“Yo también estaba allí”. Carta abierta al ex comandante en jefe del Ejército de Chile, Juan Emilio Cheyre.

por Galo Fontana Espinoza/ fuente: Politika.

En su entrevista al diario “La Tercera” del domingo 10 de Julio del 2016, usted afirma a propósito del asesinato de 15 prisioneros políticos en Octubre de 1973 en La Serena –por lo cual es procesado por el ministro Mario Carroza en calidad de cómplice–, que es inocente, “que ha dicho toda la verdad” y que “jamás ha violado los derechos humanos”.

Entrega detalles de lo ocurrido aquel fatídico día y argumenta que en ese tiempo era sólo un teniente de 25 años de edad sin responsabilidad en el mando ni con personal a cargo, apenas “un ayudante al que llamaban con un timbre y recibía órdenes”.

Algunas de esas órdenes ese día fueron preparar el almuerzo para la comitiva militar que venía de Santiago encabezada por el General Arellano y, una vez ocurrido los fusilamientos, llevar el bando redactado hasta el diario local detallando los hechos y preparar una reunión con cada familia para comunicar la noticia.

Ese es el extracto de sus declaraciones y el suscrito, transcurridos largos casi 43 años y sin otro ánimo que aportar otros antecedentes, podría confirmar sus dichos validando el contexto histórico –al cual usted apela con insistencia–, salvo por algunos detalles que usted parece omitir o quizás olvida, ya que la memoria es frágil y en ocasiones –buscando aminorar la culpa– tiende a reacomodar los hechos.

Yo, al igual que usted, respeto el compromiso con la verdad y me apego a los hechos. Pero desde la vereda opuesta. Usted era el persecutor, yo el perseguido. Más bien, el apresado. Y recuerdo, no sin dificultad por el dolor que ello aún me provoca.

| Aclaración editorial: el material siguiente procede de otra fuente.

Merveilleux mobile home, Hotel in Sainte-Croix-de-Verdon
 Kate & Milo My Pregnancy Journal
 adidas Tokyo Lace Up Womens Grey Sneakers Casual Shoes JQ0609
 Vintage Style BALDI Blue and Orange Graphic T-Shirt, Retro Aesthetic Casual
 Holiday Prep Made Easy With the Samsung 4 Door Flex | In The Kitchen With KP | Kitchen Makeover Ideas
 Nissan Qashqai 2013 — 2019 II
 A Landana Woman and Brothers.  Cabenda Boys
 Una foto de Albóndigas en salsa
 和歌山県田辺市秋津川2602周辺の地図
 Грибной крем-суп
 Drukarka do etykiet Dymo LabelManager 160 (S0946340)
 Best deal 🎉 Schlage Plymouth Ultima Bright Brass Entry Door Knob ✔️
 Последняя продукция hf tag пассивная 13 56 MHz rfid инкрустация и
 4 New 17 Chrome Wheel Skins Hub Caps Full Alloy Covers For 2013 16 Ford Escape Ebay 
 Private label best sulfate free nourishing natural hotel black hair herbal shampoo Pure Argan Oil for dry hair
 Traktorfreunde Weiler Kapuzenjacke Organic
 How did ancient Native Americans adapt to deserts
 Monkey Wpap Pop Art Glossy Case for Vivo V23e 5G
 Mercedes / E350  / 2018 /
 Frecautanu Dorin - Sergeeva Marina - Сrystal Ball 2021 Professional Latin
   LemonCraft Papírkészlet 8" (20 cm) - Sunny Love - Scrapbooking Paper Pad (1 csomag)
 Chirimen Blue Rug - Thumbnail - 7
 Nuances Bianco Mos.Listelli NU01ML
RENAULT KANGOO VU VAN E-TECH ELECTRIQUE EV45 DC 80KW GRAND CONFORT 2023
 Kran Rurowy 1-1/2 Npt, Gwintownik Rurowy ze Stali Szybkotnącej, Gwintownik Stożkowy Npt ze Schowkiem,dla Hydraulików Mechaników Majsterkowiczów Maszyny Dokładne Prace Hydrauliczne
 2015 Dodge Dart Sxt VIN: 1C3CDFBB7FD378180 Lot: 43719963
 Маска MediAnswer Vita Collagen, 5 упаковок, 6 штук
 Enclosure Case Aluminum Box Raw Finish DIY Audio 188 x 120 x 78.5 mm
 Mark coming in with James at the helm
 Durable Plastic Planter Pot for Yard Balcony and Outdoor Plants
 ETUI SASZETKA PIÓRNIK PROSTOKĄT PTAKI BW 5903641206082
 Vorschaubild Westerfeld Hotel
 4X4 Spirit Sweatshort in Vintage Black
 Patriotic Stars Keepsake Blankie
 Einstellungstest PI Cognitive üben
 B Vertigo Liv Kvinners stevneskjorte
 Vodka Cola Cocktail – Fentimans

El día 16 de Octubre de 1973 fue un martes, amaneció nublado, algo frío –típico en La Serena, por las mañanas–, y cerca de las 8 AM un grupo de detenidos políticos en la cárcel de la ciudad fue llevado a declarar a la Fiscalía Militar que operaba en el Regimiento Arica N°2. Yo fui uno de ellos.

Más allá de la preocupación por el castigo físico que traía consigo el interrogatorio habitual –y que muchos asignaban a órdenes suyas, casi un cliché, imposible de comprobar–, contradictoriamente, era motivo de cierta conformidad: el proceso avanzaba y con ello, la libertad incierta.

Ya instalados en el recinto esperábamos nuestro turno en una habitación de cara a la pared con los retratos de los comandantes del regimiento y su historial, manos en la nuca y la perentoria orden de no movernos. Horas interminables. Pasado el mediodía escuchamos los pasos presurosos y el diálogo de los custodios mencionando la llegada del alto oficial. “Llegó mi General”, era la frase repetida, lo cual suponía un conocimiento previo hasta de los subalternos, y se opone a lo que usted dice de que “no había escuchado nada respecto de un helicóptero que andaba recorriendo ciudades ni sus efectos”.

Sólo por la noche sabríamos que se trataba del General Arellano Stark y su comitiva ejecutora. Luego de mi turno en el interrogatorio –y aseguro que a usted no lo vi– contra los malos augurios de mis compañeros fui devuelto al lugar previo. Un par de horas después, al igual que usted, “súbitamente”, a la distancia y “sin ángulo de visión del lugar”, escuchamos los disparos. Una ráfaga, según menciona. Rendidos, entendíamos que ello era un simulacro –otro más–, en esa pesadilla de los fusilamientos ficticios para infundir temor en los detenidos.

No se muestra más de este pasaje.